Happy New Year everyone! I can’t believe we’re already into our 2nd year of training challenges. Thank you to everyone who has participated thus far and posted your progress on social media. I’m excited to get this year started!
A little debrief about training challenges this year: they’re all enrichment-focused! Most of you know by now that our book, Canine Enrichment for the Real World, came out a few months ago (a huge thank you to everyone who’s purchased!) In honor of that, we decided to go through the book and set a training challenge based on the different categories of enrichment. So if you find yourself needing a little extra help in completing challenges in addition to the FB Live videos and these blog posts, there is plenty more info in the book.

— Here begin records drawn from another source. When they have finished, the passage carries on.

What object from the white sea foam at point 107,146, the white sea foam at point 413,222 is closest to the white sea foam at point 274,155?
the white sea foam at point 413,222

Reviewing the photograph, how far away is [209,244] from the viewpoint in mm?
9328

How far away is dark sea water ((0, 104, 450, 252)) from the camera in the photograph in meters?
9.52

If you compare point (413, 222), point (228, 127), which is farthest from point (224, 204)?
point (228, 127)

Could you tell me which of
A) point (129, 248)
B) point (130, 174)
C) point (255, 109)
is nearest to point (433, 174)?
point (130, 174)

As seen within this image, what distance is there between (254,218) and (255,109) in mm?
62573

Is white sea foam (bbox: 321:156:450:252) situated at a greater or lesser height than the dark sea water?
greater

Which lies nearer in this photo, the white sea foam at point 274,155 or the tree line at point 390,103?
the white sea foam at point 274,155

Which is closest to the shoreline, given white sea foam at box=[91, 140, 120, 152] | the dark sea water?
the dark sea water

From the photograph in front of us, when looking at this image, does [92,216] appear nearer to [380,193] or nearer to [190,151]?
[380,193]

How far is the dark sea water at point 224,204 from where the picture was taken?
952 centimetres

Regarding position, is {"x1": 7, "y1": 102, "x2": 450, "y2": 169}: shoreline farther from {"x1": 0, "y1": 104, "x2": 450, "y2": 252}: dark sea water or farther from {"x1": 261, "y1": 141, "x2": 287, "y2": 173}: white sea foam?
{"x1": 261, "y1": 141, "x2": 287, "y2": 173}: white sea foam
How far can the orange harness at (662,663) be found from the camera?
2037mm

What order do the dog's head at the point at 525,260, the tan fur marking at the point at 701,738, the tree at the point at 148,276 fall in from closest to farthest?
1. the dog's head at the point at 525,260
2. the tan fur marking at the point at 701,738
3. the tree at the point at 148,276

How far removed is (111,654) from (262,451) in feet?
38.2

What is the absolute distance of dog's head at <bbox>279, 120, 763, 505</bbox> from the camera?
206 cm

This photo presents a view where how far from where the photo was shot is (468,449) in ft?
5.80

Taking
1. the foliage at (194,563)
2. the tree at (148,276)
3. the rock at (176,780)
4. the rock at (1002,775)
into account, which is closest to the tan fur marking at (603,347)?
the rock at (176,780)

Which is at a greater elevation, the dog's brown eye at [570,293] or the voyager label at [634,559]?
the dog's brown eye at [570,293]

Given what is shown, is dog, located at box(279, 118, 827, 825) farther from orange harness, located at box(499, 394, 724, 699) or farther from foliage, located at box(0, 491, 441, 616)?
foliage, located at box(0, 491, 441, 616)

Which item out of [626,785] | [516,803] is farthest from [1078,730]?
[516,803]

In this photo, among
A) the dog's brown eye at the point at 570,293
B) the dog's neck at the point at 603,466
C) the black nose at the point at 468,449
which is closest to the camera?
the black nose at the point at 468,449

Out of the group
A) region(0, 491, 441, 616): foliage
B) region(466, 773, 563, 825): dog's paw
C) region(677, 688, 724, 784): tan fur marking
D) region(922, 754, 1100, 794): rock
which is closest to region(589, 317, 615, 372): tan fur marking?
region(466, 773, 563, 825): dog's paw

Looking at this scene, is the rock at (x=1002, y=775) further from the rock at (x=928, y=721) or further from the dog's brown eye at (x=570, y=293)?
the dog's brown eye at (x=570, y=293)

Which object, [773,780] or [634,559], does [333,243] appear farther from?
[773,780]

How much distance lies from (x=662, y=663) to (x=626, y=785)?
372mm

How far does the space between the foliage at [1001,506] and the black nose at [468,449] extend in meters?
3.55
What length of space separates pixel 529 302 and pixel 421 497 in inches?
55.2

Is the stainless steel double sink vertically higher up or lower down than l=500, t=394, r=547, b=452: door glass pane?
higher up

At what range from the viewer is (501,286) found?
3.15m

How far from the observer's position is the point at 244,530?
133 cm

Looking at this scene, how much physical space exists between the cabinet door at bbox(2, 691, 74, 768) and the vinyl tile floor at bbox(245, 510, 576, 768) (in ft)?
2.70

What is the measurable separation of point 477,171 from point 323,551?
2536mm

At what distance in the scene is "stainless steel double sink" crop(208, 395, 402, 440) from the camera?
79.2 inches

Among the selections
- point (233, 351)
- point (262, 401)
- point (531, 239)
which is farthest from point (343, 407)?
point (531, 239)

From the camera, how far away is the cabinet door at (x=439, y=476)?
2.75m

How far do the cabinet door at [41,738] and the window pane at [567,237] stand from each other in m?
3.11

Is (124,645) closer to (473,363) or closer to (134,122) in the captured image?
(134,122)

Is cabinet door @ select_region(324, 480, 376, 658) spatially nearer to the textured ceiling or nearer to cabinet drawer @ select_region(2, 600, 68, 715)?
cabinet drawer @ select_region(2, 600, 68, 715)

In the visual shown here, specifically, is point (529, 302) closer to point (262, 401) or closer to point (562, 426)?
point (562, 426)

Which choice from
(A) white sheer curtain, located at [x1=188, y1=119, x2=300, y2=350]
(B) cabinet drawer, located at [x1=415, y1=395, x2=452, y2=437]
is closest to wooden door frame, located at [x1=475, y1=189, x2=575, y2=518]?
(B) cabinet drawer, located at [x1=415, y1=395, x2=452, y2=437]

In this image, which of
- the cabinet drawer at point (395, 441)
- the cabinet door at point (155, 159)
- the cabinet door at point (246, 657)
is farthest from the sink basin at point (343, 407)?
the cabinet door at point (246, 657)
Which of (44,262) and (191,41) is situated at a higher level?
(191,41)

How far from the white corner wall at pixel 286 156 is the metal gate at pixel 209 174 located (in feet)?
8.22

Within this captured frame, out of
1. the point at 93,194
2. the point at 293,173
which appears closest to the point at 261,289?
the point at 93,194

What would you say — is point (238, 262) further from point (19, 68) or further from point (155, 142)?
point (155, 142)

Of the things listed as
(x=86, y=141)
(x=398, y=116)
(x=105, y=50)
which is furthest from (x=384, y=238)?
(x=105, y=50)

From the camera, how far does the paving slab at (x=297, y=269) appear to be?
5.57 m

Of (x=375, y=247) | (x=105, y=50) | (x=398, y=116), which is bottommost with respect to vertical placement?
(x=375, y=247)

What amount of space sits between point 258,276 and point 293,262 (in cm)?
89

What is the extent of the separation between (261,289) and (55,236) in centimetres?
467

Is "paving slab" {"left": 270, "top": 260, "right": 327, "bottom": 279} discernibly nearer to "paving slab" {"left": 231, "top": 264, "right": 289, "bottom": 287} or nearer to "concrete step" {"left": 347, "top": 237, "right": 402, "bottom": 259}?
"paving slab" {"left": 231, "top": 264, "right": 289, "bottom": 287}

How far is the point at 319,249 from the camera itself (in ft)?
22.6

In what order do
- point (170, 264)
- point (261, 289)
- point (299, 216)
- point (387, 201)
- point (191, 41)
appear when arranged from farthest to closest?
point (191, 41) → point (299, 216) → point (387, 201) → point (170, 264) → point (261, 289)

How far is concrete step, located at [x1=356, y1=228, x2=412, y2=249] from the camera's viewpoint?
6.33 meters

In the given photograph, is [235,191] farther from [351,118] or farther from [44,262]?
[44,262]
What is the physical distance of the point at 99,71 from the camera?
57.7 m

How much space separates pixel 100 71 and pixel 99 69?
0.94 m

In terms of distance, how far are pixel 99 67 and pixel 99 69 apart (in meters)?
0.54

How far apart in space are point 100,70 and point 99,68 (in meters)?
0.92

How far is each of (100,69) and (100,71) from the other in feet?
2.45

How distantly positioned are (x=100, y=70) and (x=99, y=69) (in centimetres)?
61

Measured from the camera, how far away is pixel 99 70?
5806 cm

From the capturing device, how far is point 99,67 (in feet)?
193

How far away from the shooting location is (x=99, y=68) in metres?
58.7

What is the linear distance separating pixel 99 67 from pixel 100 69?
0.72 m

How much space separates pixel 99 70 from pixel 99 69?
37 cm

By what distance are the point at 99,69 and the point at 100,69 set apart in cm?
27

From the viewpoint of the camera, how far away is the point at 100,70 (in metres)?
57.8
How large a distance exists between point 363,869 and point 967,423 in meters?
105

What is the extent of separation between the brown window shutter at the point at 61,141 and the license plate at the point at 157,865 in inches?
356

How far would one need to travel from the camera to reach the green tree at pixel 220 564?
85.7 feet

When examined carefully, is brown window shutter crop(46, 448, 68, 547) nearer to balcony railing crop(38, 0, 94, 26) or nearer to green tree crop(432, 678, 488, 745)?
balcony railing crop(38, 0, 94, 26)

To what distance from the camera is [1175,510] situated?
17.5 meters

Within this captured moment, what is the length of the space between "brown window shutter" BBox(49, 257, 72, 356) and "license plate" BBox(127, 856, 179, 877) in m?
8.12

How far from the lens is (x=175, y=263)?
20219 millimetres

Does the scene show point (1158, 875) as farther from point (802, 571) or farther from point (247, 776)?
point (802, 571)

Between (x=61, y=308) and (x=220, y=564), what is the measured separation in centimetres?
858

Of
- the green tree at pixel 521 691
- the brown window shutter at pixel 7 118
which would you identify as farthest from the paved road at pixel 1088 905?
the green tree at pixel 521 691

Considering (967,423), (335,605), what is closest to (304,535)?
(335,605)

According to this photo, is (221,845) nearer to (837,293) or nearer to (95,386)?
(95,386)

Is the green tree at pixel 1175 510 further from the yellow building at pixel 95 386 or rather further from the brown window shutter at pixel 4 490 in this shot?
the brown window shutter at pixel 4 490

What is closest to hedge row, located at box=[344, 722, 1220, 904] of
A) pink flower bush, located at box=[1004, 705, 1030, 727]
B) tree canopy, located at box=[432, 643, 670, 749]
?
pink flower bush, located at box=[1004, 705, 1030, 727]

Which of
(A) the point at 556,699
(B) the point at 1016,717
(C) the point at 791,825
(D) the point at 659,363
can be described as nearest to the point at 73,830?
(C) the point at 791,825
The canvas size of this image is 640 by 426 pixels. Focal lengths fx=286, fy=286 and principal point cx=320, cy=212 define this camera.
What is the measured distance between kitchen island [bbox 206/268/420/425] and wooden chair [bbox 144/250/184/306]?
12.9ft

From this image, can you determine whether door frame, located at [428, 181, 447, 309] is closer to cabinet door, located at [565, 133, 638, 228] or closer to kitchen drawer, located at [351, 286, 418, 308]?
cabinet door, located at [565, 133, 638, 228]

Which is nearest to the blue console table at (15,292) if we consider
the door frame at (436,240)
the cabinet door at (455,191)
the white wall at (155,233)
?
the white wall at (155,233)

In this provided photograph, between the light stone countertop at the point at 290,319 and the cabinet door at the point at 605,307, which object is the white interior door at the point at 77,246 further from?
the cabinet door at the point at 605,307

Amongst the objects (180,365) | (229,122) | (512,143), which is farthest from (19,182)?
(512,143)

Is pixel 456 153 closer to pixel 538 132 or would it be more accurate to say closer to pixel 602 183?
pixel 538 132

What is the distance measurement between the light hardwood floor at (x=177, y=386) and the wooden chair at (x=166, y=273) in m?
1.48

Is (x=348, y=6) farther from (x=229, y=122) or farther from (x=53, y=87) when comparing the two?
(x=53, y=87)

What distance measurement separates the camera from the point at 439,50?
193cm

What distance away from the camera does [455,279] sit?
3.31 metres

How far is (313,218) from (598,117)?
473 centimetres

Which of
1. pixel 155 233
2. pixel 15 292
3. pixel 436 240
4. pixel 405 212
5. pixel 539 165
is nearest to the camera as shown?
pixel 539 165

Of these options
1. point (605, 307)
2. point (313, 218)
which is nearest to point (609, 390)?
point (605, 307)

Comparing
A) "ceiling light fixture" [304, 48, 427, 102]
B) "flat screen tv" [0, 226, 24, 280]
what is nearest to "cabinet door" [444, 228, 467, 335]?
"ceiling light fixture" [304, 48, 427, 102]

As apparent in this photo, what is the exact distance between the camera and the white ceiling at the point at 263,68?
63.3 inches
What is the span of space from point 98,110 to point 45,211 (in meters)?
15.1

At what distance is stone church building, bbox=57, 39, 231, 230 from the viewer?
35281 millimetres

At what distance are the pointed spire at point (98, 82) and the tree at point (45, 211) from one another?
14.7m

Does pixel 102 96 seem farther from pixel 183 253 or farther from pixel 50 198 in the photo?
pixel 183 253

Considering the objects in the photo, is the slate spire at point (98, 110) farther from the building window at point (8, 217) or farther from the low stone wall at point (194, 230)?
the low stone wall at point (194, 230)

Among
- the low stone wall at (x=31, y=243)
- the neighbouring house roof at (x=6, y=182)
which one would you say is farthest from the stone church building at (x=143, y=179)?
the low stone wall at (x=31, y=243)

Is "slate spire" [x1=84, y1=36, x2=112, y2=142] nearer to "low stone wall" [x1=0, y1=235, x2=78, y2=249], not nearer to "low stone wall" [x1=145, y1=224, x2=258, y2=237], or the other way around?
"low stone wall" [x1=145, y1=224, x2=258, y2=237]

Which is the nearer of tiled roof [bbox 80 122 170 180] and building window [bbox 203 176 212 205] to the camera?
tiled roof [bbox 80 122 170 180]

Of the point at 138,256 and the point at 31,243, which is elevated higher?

For those of you who aren’t familiar with the concept of enrichment, the simple definition is: meeting all of an animal’s needs. We can expand that to a full definition: enrichment means meeting all of an animal’s needs in order to empower them to perform species-typical behavior in healthy, safe, and appropriate ways. One of the challenging things about working on enrichment with our pets is that there are several species-typical behaviors that we don’t like: chewing, digging, barking, scratching, etc. But just because we don’t like a particular behavior doesn’t mean that we don’t have to meet that need. It means that we often need to think outside of the box on how we can meet our pet’s needs in a way that we also enjoy or at least don’t mind.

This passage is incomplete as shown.